After designing and installing an algorithm for learning through detecting mover events, the team showed the computer a series of videos. In some, hands were seen manipulating objects. For comparison, others were filmed as if from the point of view of a baby watching its own hand move, or else movement that did not involve a mover event, or typical visual patterns such as videos of common body parts or people. These trials clearly showed that mover events – watching another’s hand move objects – were not only sufficient for the computer to learn to identify hands, they far outshone any of the other methods, including that of “self-movement.”
But the model was not yet complete. With mover events, alone, the computer could learn to detect hands but still had trouble with different poses. Again, the researchers went back to insights into early perception: Infants can not only detect motion, they can track it; they are also very interested in faces. Adding in mechanisms for observing the movements of already detected hands to learn new poses, and for using the face and body as reference points to locate hands, improved the learning process.

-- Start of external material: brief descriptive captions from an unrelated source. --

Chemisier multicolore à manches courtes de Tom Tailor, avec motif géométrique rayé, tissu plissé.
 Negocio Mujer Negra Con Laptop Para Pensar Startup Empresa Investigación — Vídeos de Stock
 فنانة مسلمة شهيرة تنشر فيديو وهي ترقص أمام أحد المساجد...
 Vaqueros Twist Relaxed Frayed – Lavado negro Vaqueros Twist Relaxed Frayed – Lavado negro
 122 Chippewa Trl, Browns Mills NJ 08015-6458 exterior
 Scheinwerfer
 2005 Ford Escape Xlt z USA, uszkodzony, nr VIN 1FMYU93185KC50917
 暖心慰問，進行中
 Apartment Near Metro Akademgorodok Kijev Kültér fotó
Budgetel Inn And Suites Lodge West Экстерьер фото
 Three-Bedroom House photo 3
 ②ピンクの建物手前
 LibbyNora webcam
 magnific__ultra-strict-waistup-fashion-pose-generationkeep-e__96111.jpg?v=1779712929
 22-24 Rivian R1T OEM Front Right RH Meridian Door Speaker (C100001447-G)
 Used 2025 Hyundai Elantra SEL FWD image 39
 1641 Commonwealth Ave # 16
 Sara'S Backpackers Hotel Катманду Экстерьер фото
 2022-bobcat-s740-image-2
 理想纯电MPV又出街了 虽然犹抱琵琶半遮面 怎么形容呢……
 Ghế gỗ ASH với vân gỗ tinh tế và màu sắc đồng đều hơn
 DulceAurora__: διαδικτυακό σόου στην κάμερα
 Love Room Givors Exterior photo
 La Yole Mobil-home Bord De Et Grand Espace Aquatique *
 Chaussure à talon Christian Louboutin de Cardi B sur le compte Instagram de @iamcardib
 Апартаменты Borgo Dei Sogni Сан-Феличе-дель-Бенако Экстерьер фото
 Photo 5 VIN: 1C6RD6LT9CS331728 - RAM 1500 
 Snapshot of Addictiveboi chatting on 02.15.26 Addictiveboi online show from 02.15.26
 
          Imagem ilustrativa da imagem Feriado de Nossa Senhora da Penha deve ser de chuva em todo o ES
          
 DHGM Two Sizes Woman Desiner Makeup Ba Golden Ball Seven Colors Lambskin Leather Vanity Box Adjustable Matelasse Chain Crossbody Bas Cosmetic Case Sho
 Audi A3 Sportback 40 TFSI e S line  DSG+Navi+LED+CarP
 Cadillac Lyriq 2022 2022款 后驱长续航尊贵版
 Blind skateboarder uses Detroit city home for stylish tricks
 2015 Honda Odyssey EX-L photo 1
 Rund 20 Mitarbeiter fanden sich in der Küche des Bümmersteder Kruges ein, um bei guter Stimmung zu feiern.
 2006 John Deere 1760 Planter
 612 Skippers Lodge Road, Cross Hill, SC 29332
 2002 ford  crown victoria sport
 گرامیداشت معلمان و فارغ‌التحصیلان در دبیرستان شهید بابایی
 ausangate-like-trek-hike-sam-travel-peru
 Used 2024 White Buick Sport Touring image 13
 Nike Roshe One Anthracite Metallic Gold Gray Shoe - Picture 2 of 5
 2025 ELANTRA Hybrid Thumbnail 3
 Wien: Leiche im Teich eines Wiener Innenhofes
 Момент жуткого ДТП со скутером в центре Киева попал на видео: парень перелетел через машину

In the next part of their study, the researchers looked at another, related concept that babies learn early on but computers have trouble grasping – knowing where another person is looking. Here, the scientists took the insights they had already gained – mover events are crucial and babies are interested in faces – and added a third: People look in the direction of their hands when they first grasp an object. On the basis of these elements, the researchers created another algorithm to test the idea that babies first learn to identify the direction of a gaze by connecting faces to mover events. Indeed, the computer learned to follow the direction of even a subtle glance – for instance, the eyes alone turning toward an object – nearly as well as an adult human.
The researchers believe these models show that babies are born with certain pre-wired patterns – such as a preference for certain types of movement or visual cues. They refer to this type of understanding as proto-concepts – the building blocks with which one can begin to build an understanding of the world. Thus the basic proto-concept of a mover event can evolve into the concept of hands and of direction of gaze, and eventually give rise to even more complex ideas such as distance and depth.
This study is part of a larger endeavor known as the Digital Baby Project. The idea, says Harari, is to create models for very early cognitive processes. “On the one hand,” says Dorfman, “such theories could shed light on our understanding of human cognitive development. On the other hand, they should advance our insights into computer vision (and possibly machine learning and robotics).” These theories can then be tested in experiments with infants, as well as in computer systems.
Prof. Ullman is the incumbent of the Ruth and Samy Cohn Professorial Chair of Computer Sciences.